Records |
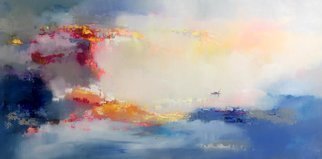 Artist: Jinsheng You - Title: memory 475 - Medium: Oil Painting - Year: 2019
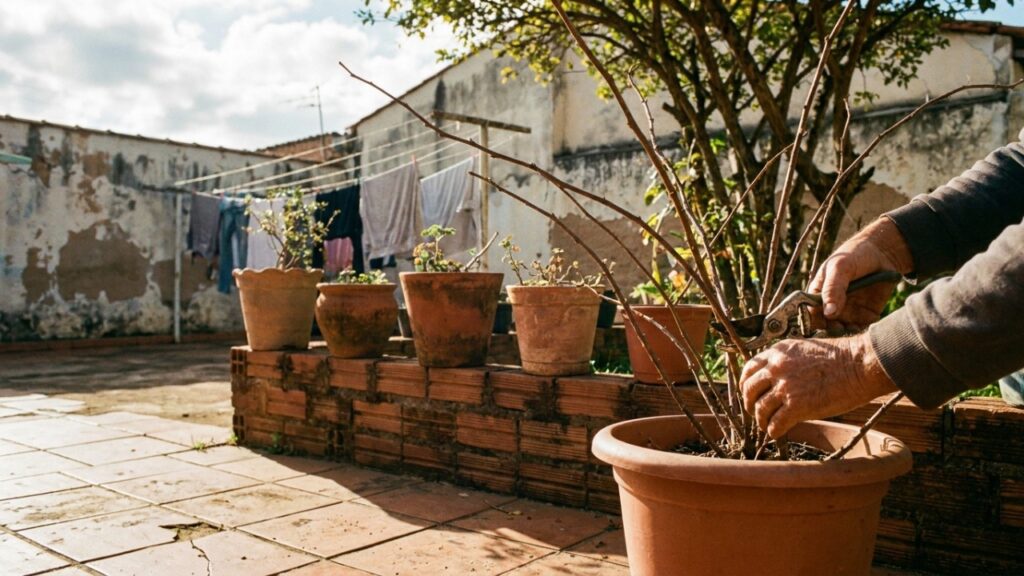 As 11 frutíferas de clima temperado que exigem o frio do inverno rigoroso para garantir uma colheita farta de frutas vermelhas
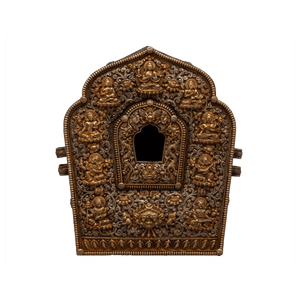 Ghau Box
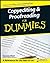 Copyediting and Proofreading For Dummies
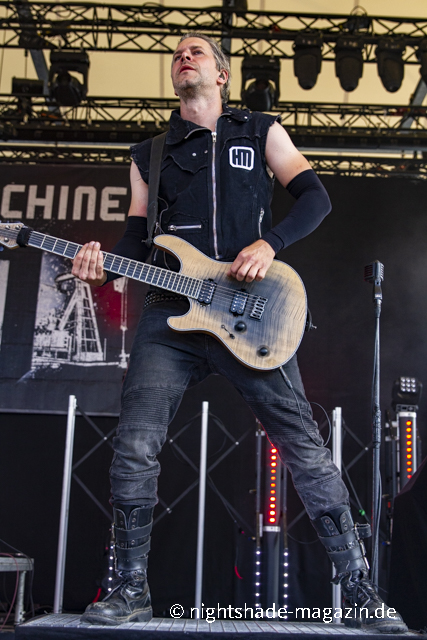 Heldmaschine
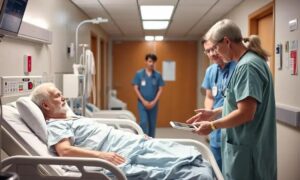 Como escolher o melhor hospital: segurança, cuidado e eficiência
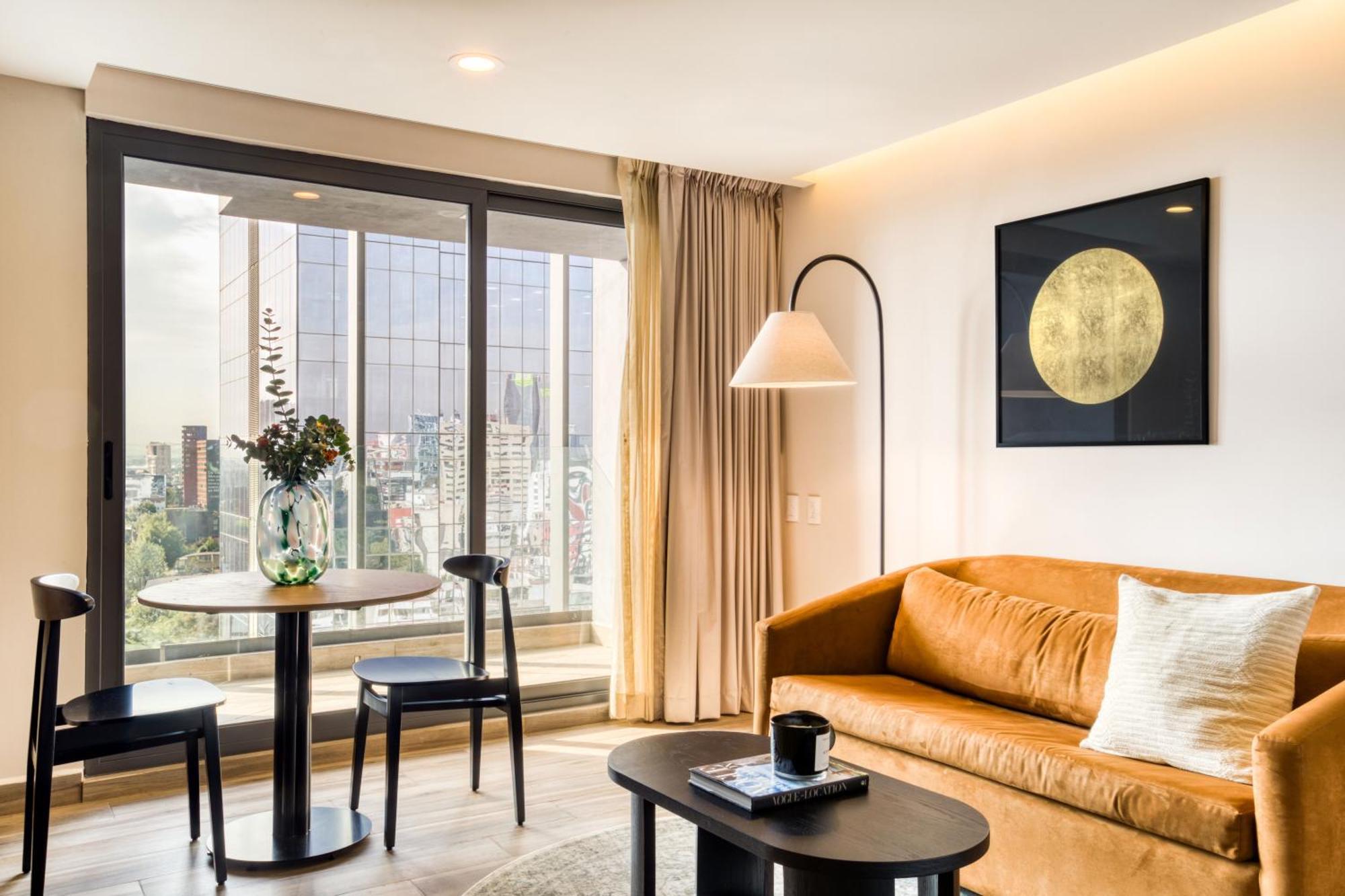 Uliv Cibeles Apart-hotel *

==

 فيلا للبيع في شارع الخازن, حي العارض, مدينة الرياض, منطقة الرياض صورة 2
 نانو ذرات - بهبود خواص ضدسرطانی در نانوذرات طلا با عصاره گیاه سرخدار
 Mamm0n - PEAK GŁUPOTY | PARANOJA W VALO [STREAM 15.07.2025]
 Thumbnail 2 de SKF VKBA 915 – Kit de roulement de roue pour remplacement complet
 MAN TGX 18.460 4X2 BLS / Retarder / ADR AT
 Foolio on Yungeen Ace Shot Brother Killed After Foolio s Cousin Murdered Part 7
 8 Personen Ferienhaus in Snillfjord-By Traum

Task brief | Reproduce the data above exactly, but only from the line containing "Heldmaschine" through the line containing "Uliv Cibeles Apart-hotel *". Omit all pictures.

Solution below |
 Heldmaschine
 Como escolher o melhor hospital: segurança, cuidado e eficiência
 Uliv Cibeles Apart-hotel *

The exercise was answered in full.